Senior secured term loans B due 2029
On March 28, 2024, the Company and certain of its subsidiaries entered into Amendment No. 3 (the “Third Amendment”), with the lenders party thereto and Morgan Stanley Senior Funding, Inc., as administrative agent, which amended the Credit and Guaranty Agreement, dated as of November 6, 2018 (as amended and restated as of July 6, 2022 and as subsequently amended on each of March 10, 2023 and September 11, 2023, the “Existing Credit Agreement” and, the Existing Credit Agreement as amended by the Third Amendment, the “Amended Credit Agreement”), by and among the Company, as borrower, certain subsidiaries of the Company party thereto, as guarantors, the lenders party thereto and Morgan Stanley Senior Funding, Inc., as administrative agent and collateral agent.
The Third Amendment provides for, among other things, the reduction of the applicable rate of the Company’s outstanding senior secured term loans B under the Existing Credit Agreement. After giving effect to the Third Amendment, such outstanding term loans B bear interest, at a rate per annum equal to, at the Company’s option, either (i) Term SOFR plus an applicable margin of 1.75% or (ii) a base rate plus an applicable margin of 0.75%. Other than as described herein (and more fully described in the Third Amendment), the terms of the Amended Credit Agreement are substantially similar to the terms of the Existing Credit Agreement.

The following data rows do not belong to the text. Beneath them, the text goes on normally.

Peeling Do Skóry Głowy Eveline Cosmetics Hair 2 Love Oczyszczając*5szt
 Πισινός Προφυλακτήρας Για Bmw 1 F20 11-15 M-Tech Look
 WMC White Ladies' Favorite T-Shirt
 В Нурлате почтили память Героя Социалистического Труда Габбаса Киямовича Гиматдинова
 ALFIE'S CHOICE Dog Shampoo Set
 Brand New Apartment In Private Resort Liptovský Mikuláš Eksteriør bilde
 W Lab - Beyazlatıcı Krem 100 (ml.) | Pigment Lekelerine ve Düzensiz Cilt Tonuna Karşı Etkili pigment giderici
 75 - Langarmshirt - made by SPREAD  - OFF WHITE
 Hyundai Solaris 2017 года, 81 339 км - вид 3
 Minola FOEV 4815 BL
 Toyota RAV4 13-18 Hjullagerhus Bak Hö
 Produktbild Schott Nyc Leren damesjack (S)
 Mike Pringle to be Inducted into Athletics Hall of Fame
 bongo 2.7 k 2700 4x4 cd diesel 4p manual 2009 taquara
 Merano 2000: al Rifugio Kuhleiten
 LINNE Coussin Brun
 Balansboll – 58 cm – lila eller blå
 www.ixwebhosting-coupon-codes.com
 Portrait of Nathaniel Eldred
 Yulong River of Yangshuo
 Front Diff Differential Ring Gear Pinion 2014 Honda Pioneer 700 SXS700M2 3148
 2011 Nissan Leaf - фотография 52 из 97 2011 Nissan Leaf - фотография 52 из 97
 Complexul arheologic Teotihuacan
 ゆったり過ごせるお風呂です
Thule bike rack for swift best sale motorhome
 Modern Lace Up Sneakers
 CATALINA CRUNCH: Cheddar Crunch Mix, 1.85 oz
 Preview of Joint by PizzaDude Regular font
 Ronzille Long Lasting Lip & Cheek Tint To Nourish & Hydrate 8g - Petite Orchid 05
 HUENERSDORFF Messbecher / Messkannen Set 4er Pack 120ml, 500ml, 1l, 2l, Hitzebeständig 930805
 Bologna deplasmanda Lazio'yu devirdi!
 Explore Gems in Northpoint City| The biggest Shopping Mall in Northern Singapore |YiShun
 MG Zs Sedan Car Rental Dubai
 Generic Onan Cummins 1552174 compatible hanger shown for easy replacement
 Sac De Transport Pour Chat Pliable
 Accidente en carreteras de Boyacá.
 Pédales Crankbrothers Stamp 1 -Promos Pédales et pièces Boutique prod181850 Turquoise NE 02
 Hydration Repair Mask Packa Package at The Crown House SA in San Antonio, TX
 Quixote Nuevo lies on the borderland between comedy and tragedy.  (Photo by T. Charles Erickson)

In connection with the Third Amendment, the Company made a prepayment of $354.5 million on the term loans B.
During the twelve months ended December 31, 2024, the Company has repaid $623.8 million of the outstanding borrowings under the term loans B. In connection with these repayments and entry into the Third Amendment, the Company incurred a pre-tax loss on extinguishment and modification of debt of $14.3 million for the twelve months ended December 31, 2024, which is included in Other expense, net on the consolidated statements of operations.